▸ ABOUT THIS TASK
Leave every image out, and print the remaining lines below exactly.

▸ GIVEN INFORMATION

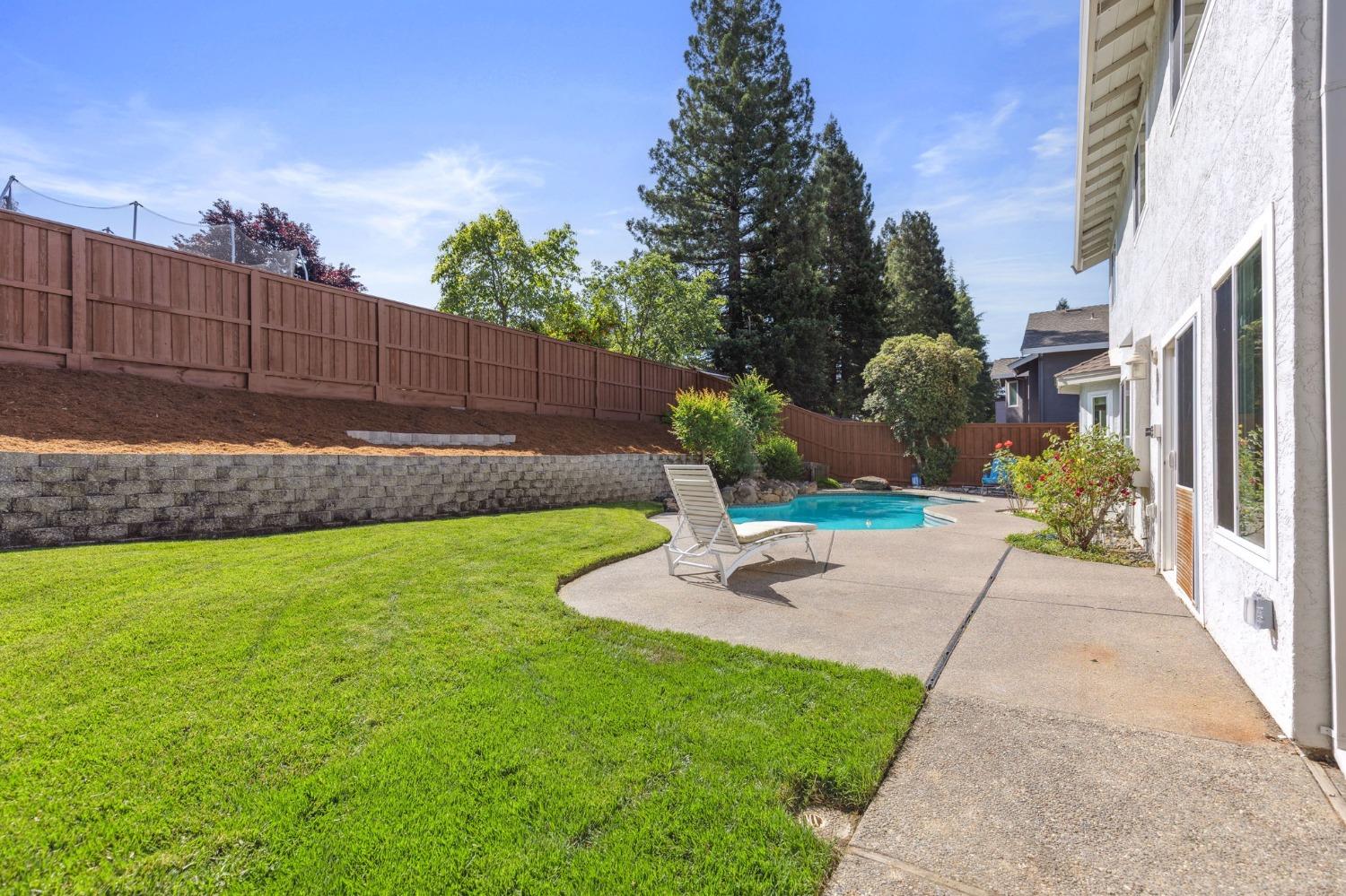 Detail Gallery Image 36 of 40 For 1535 E Colonial Pkwy #E,  Roseville,  CA 95661 - 4 Beds | 2/1 Baths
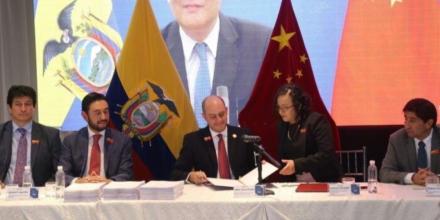 Un año después, el acuerdo comercial entre Ecuador y China no despega 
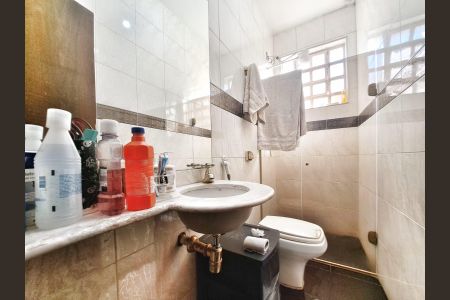 Casa à venda com 220m², 4 quartos e 4 vagas Casa à venda com 220m², 4 quartos e 4 vagasBanheiro da Suíte 2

▸ PROBLEM SOLUTION
 Detail Gallery Image 36 of 40 For 1535 E Colonial Pkwy #E,  Roseville,  CA 95661 - 4 Beds | 2/1 Baths
 Un año después, el acuerdo comercial entre Ecuador y China no despega 
 Casa à venda com 220m², 4 quartos e 4 vagas Casa à venda com 220m², 4 quartos e 4 vagasBanheiro da Suíte 2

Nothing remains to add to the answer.